Source records:
• • • • • • •
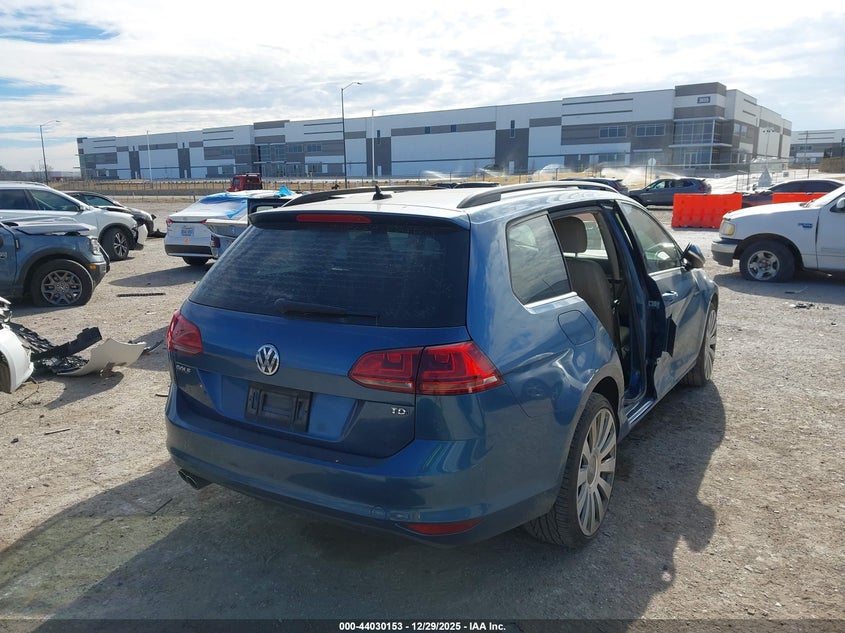 2015 Volkswagen Golf Sportwagen Tdi Se 4-Door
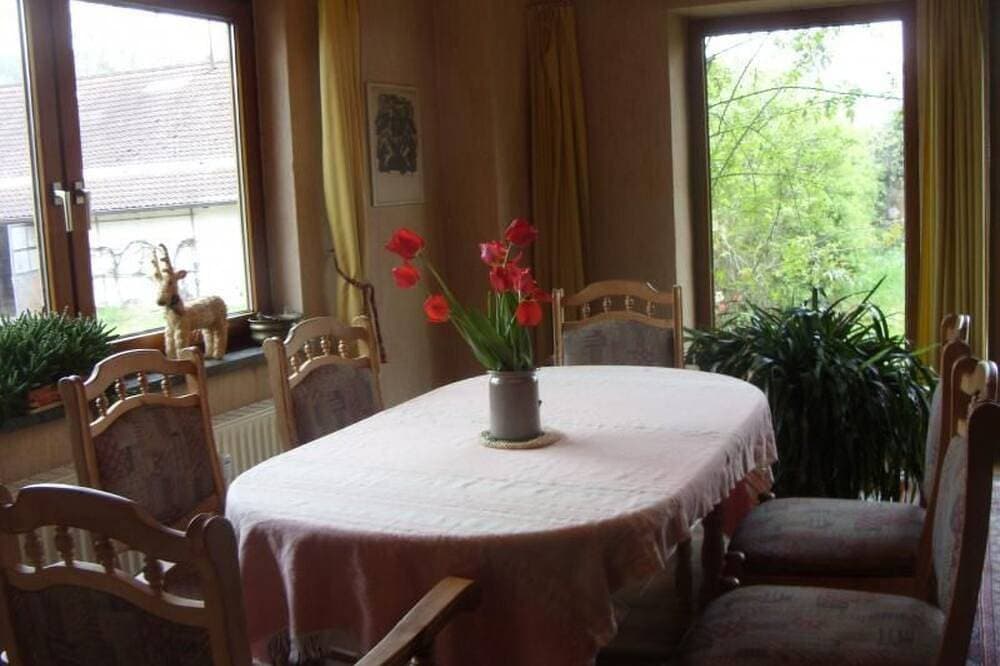 Foto 8 von 13: Mit Terrasse und Parkplatz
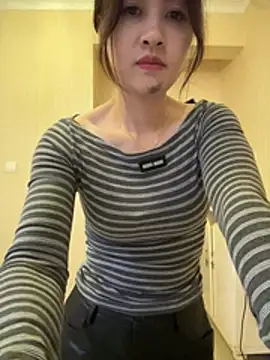 Huihui_520 - 我的下巴撞到了 哥哥们心疼宝宝
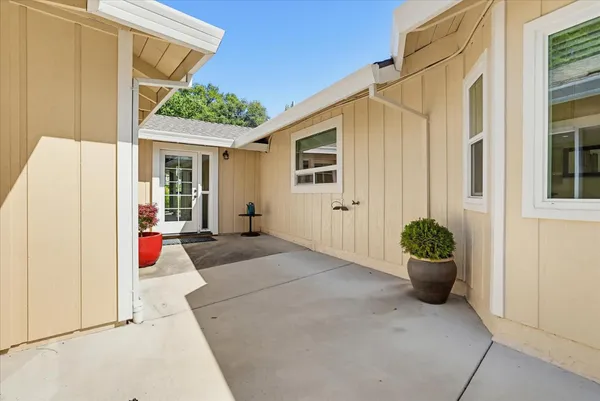 $1,035,000 | 18649 Wildflower Drive, Penn Valley, CA 95946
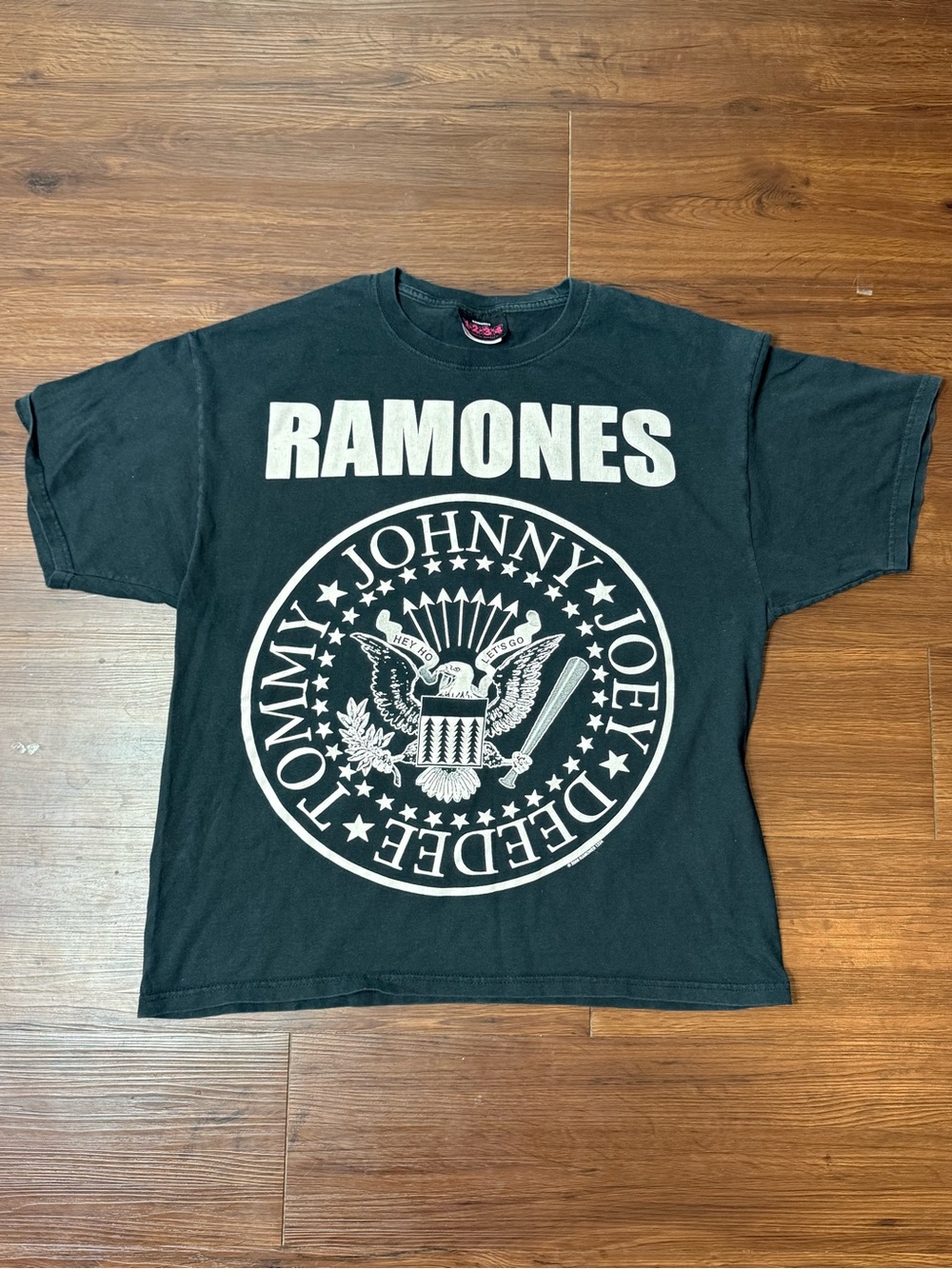 Ramones Graphic Logo Short Sleeve Tee - Black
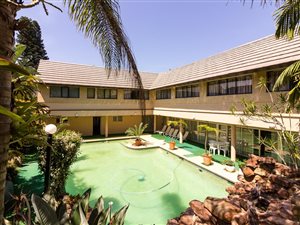 5 Bed House in Reservoir Hills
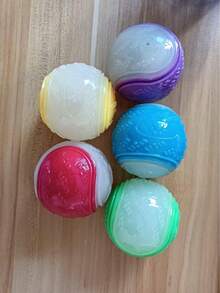 2,5 pouces Balle de chien grinçante lumineuse - Motif géométrique, caoutchouc naturel, convient à toutes les races, jouet interactif d'entraînement sans piles, compatible avec le lanceur, convient aux petits et grands chiens, style aléatoire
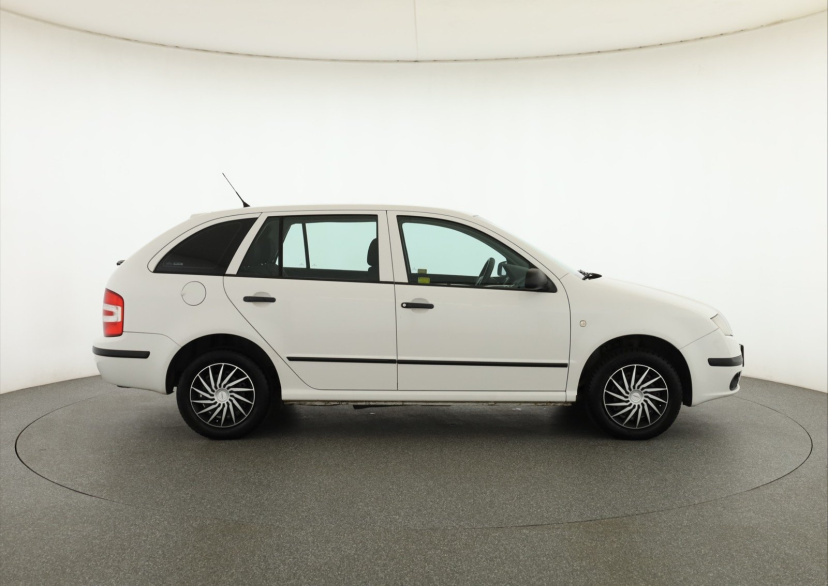 Škoda Fabia, 2005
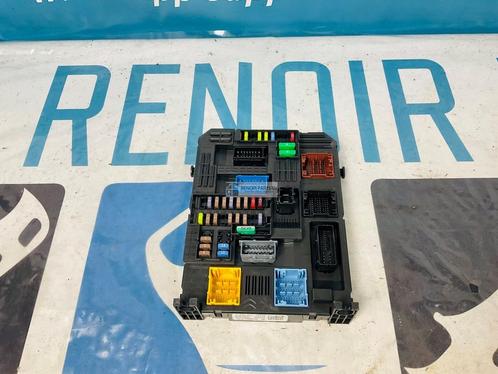 Zekering Fuse Box Peugeot Citroen 9830790280 3-D2-5276, Auto-onderdelen, Elektronica en Kabels, Gebruikt, Ophalen of Verzenden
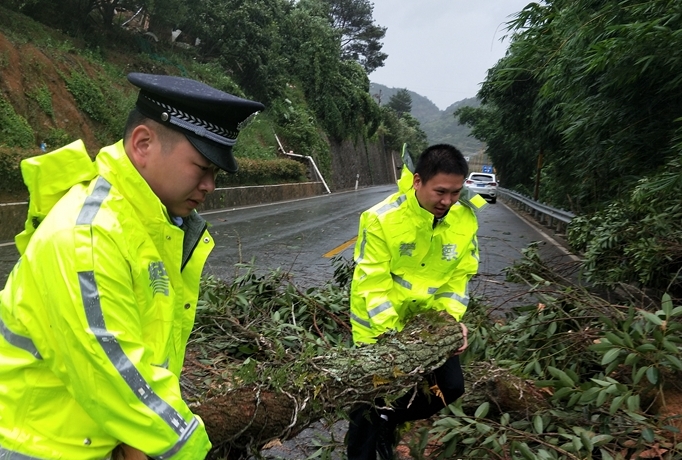 福州警方全力抗擊臺(tái)風(fēng)“瑪莉亞” 救助被困群眾4239名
• • • • • • •
**EXERCISE AIM**
Each line from the one with "2,5 pouces Balle" through the end of the entries should be reproduced exactly. Leave out the pictures.

**YOUR SOLUTION**
 2,5 pouces Balle de chien grinçante lumineuse - Motif géométrique, caoutchouc naturel, convient à toutes les races, jouet interactif d'entraînement sans piles, compatible avec le lanceur, convient aux petits et grands chiens, style aléatoire
 Škoda Fabia, 2005
 Zekering Fuse Box Peugeot Citroen 9830790280 3-D2-5276, Auto-onderdelen, Elektronica en Kabels, Gebruikt, Ophalen of Verzenden
 福州警方全力抗擊臺(tái)風(fēng)“瑪莉亞” 救助被困群眾4239名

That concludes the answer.